Sensitivity, specificity, prevalence, and predictive values: a Bayesian analysis

Would this be a good screening test? A press release said “Breaking news! New blood test 87% accurate in detecting Alzheimer’s with an 85% specificity rate. Now we can diagnose it earlier so it can be treated effectively.”

Unfortunately there is no effective treatment for Alzheimer’s, so on that basis alone this wouldn’t be a good screening test. But let’s ignore that for the moment and look at the numbers. What does it mean that a test is 87% accurate and 85% specific?

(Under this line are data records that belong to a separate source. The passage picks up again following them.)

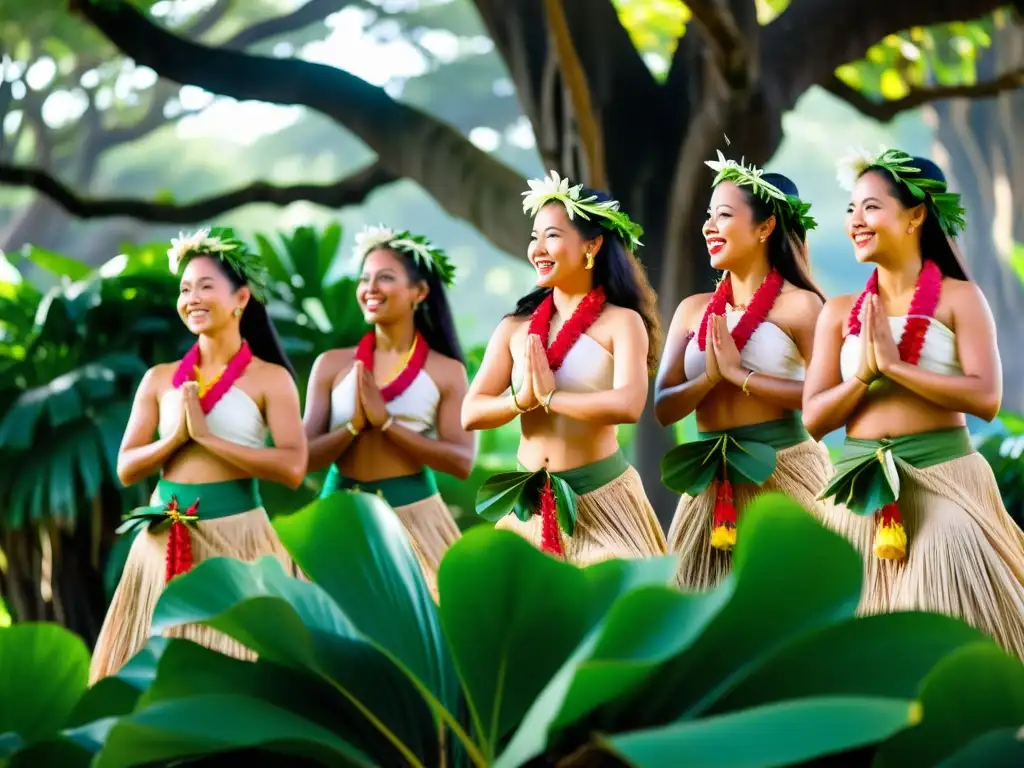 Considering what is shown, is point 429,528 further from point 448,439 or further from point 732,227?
point 732,227

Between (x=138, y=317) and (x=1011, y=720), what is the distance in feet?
14.8

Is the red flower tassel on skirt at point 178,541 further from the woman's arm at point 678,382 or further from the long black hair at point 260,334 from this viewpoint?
the woman's arm at point 678,382

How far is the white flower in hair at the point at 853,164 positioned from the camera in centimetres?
296

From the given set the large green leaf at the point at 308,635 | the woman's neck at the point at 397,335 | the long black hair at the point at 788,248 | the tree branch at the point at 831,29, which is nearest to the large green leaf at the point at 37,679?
the large green leaf at the point at 308,635

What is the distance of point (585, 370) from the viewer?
305 cm

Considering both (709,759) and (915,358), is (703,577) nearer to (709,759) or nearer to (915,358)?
(915,358)

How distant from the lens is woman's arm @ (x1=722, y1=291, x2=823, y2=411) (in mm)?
3061

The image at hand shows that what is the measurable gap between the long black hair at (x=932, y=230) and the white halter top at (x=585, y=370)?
673 millimetres

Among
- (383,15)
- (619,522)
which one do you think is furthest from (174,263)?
(383,15)

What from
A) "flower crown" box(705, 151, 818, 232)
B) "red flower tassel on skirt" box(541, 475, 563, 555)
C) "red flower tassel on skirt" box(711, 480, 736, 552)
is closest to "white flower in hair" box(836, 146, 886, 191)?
"flower crown" box(705, 151, 818, 232)

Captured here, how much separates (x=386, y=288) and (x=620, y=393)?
1.00 meters

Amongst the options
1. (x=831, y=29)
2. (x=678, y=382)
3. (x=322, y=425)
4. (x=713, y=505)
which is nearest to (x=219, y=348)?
(x=322, y=425)

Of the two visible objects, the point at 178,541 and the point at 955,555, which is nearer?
the point at 955,555

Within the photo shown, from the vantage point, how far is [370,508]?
1.69 m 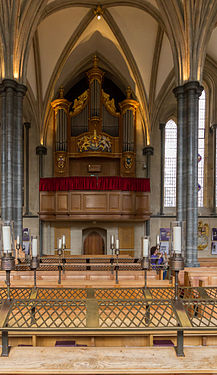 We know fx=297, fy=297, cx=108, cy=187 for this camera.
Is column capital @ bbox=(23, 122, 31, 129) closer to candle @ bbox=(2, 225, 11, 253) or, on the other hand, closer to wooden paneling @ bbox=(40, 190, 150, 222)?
wooden paneling @ bbox=(40, 190, 150, 222)

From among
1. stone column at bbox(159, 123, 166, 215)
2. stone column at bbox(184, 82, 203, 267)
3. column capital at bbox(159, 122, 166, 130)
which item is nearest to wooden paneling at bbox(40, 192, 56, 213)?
stone column at bbox(159, 123, 166, 215)

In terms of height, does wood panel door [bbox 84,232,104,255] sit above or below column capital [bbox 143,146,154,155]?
below

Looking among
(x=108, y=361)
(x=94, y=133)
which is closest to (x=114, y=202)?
(x=94, y=133)

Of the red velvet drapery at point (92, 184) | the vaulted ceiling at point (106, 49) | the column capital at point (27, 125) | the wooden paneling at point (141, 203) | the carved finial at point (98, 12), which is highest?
the carved finial at point (98, 12)

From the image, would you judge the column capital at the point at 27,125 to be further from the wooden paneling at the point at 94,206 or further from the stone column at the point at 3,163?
the stone column at the point at 3,163

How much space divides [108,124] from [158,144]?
11.4ft

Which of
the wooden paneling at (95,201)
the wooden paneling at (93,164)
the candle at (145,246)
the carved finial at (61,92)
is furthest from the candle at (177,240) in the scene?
the carved finial at (61,92)

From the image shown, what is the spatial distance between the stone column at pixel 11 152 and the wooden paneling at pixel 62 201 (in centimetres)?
510

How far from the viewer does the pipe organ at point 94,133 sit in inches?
653

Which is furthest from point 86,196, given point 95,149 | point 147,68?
point 147,68

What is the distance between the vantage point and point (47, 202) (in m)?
15.7

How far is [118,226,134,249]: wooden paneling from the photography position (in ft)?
54.9

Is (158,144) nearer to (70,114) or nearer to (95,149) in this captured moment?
(95,149)

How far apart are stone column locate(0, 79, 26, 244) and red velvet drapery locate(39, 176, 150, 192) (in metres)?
5.17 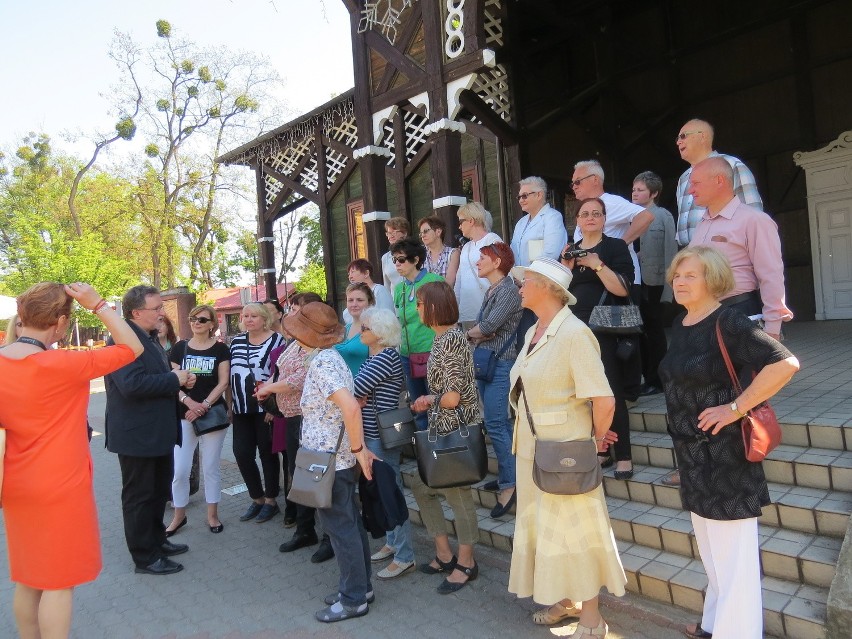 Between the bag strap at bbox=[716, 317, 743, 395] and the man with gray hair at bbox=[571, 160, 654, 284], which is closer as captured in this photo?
the bag strap at bbox=[716, 317, 743, 395]

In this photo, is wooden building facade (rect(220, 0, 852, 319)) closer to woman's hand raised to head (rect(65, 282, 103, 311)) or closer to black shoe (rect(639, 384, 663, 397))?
black shoe (rect(639, 384, 663, 397))

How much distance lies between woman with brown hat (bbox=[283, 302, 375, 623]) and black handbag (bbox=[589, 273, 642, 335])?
152 centimetres

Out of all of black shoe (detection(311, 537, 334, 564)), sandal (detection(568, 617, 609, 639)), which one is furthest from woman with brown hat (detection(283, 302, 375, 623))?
sandal (detection(568, 617, 609, 639))

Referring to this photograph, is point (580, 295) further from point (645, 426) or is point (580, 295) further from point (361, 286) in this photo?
point (361, 286)

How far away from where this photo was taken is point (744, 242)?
305cm

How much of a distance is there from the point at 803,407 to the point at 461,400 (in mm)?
2321

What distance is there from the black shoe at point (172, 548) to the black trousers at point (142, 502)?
0.24m

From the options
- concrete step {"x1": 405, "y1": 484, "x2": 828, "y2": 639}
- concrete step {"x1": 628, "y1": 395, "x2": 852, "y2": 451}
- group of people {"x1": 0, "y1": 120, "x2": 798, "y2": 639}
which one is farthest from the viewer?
concrete step {"x1": 628, "y1": 395, "x2": 852, "y2": 451}

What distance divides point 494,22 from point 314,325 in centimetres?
509

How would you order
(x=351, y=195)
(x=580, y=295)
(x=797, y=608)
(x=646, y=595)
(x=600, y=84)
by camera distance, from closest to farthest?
(x=797, y=608)
(x=646, y=595)
(x=580, y=295)
(x=600, y=84)
(x=351, y=195)

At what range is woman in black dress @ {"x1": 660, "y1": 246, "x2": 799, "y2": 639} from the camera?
7.74 ft

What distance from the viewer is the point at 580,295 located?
153 inches

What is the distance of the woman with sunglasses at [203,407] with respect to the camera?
16.5ft

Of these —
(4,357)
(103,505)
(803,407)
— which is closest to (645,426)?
(803,407) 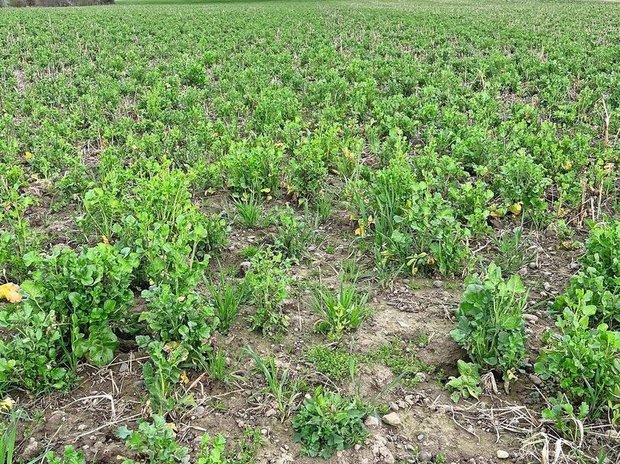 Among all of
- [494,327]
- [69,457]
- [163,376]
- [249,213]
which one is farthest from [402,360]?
[249,213]

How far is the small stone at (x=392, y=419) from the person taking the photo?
3.12 metres

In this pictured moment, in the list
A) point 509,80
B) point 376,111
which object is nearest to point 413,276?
point 376,111

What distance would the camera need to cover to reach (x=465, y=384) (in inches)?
130

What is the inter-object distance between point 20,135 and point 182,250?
526cm

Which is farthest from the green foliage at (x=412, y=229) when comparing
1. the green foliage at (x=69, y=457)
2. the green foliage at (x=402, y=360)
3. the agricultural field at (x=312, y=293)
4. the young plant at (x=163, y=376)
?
the green foliage at (x=69, y=457)

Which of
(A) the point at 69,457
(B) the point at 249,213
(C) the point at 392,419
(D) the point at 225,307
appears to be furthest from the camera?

It means the test is positive in 87% of those who have Alzheimer’s (sensitivity) and negative in 85% of those who don’t have Alzheimer’s (specificity). But those numbers are meaningless unless you know the prevalence of the disease in the population being tested. If you test a population of 10,000 people where the prevalence of Alzheimer’s is 5%, here’s what happens:

Number Positive test Negative test
Have Alzheimer’s 500 87% of 500 = 435 65
Don’t have it 9,500 1,425 85% of 9,500 = 8,075
Total 10,000 1,860 8,140

65 people with Alzheimer’s will have a false negative result and be led to believe they don’t have it when they really do. 1,425 people without Alzheimer’s will have a false positive result and be led to believe they have Alzheimer’s when they really don’t.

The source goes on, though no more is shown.